Much like Mount Lewotobi Laki-Laki is spewin’ ash, Perth man Jaxtyn is spewin’ frustration after being informed he’ll have no other choice but to extend his idyllic holiday and continuing getting pissed in an infinity pool.
Jaxtyn was due to fly out yesterday until being told his flight is cancelled. He also woke up to the news today that he wouldn’t be going home due to continued unsafe conditions and limited flights out.

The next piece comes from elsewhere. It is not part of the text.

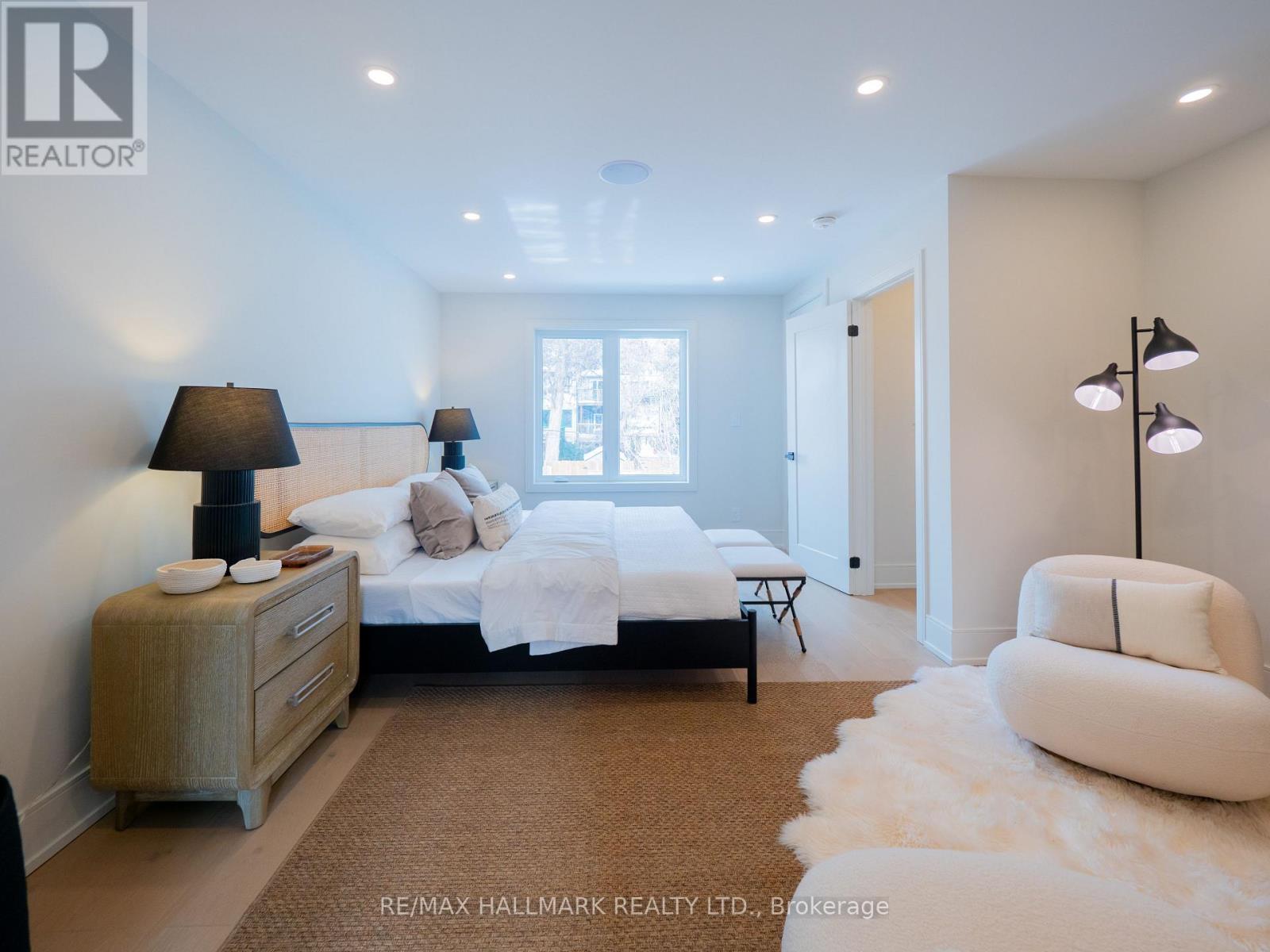 24 Harriet Street, Toronto, Ontario  M4L 2E9 - Photo 37 - E12822318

On his 8th Bintang for the morning Jaxtyn told The Times,
“This is just inhumane. Another day in this paradise. Yuck. To think I could be back in Perth getting yelled at by the misso for taking her good moisturiser to help bounce back at the number of tugs I’ve been getting. I’m livid mate”
Indeed, Jaxtynn is also inconsolable that he actually has a decent reason to miss work for a change. Not that he ever was one to shy away from a cheeky sickie. We caught up for a chat with his boss who told The Times,
“Honestly, the dog can just stay over there. Do you know I found out he’s been taking the entire sleeve of bickies home and then tries to fight me over not having enough biscuits in the break room? This guy is a top tier, grade A farkwit”
Jaxtynn has admitted that despite his outrage he has made no meaningful attempts at securing a flight home today.
By all reports, that is unlikely to change.